__TO DO__: Write the lines below out exactly, dropping each picture.

__DATA FOR THIS EXERCISE__:

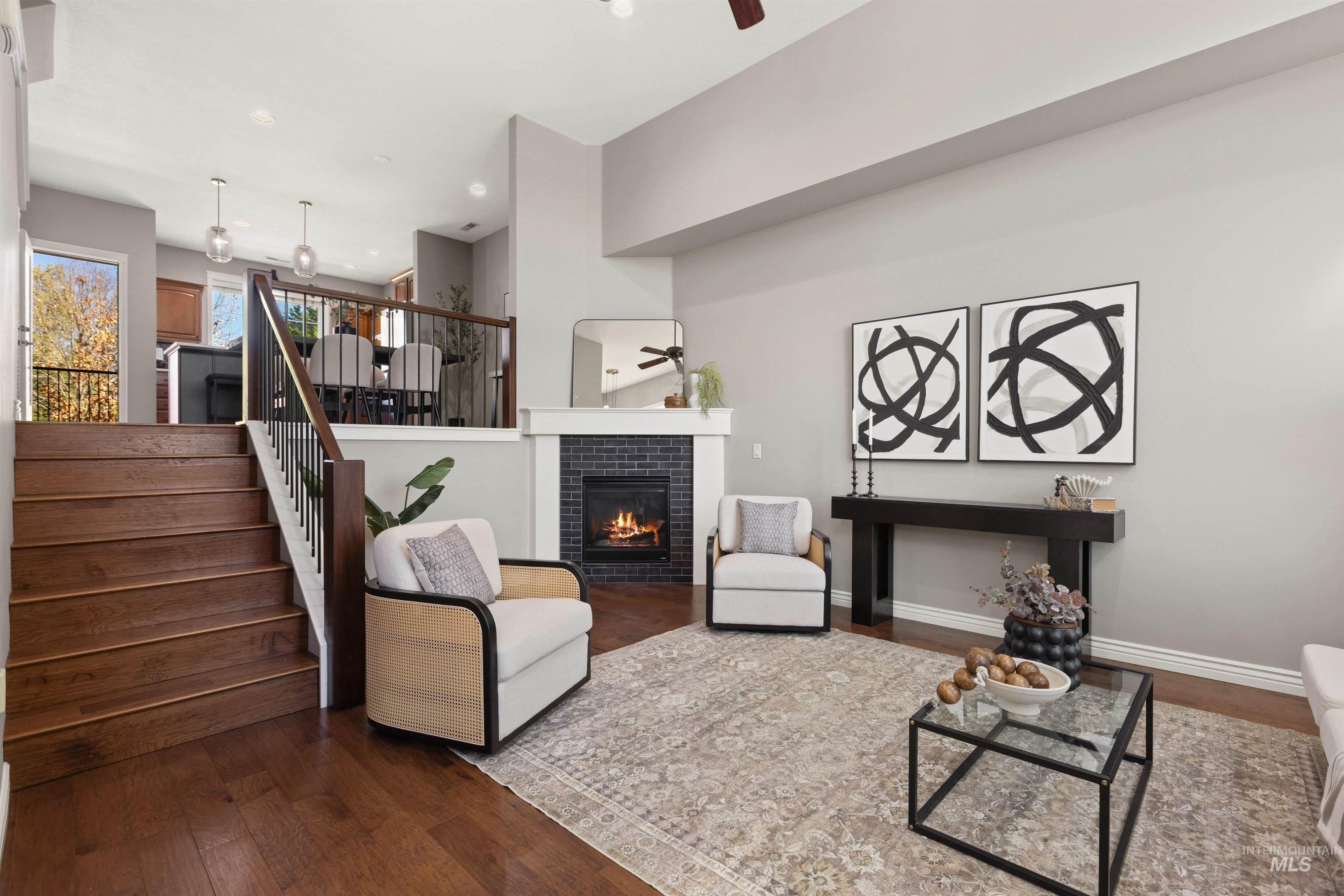 11244 W Knightsbridge Ct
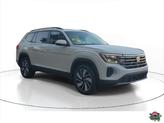 Photo of 2025 Pure White Volkswagen Atlas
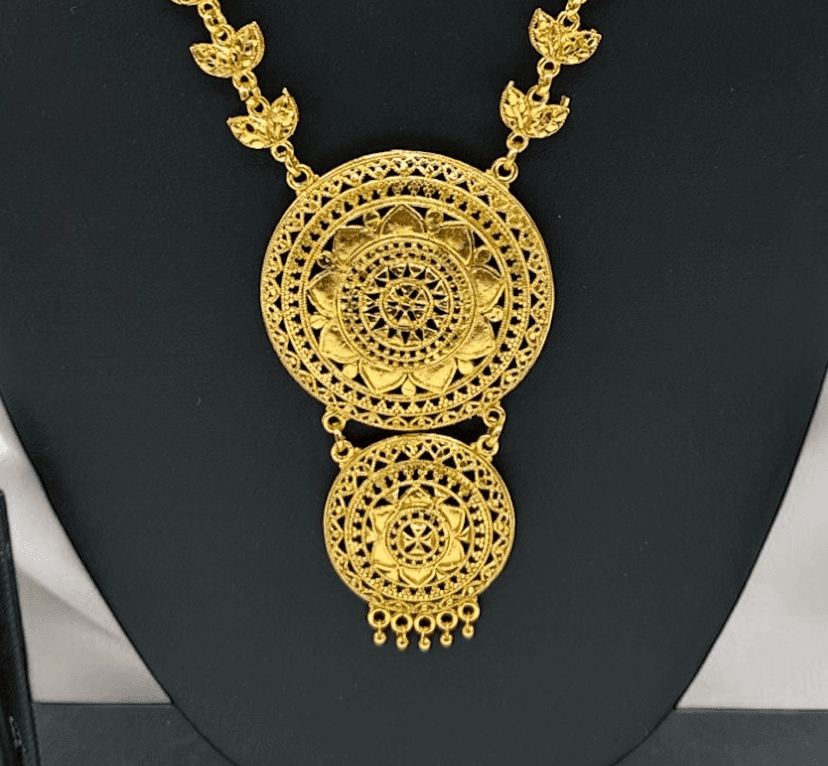 Gold Luxe Necklace Set - Amit Chauhan And Sons view 3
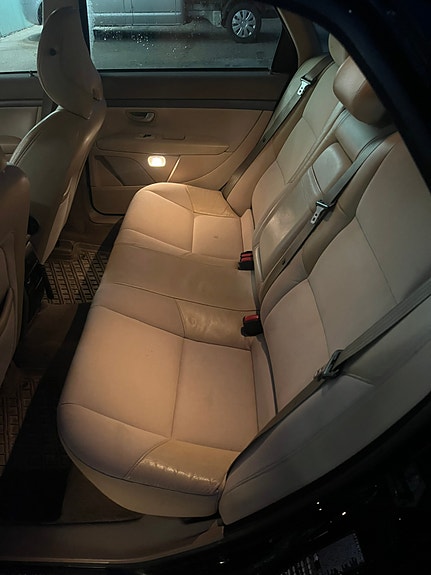 Volvo S80 4 of 6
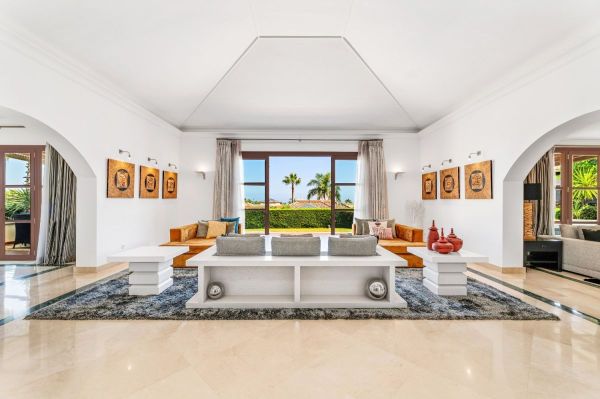 Villa For Sale in Nueva Andalucia, Marbella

__FINAL ANSWER__:
 11244 W Knightsbridge Ct
 Photo of 2025 Pure White Volkswagen Atlas
 Gold Luxe Necklace Set - Amit Chauhan And Sons view 3
 Volvo S80 4 of 6
 Villa For Sale in Nueva Andalucia, Marbella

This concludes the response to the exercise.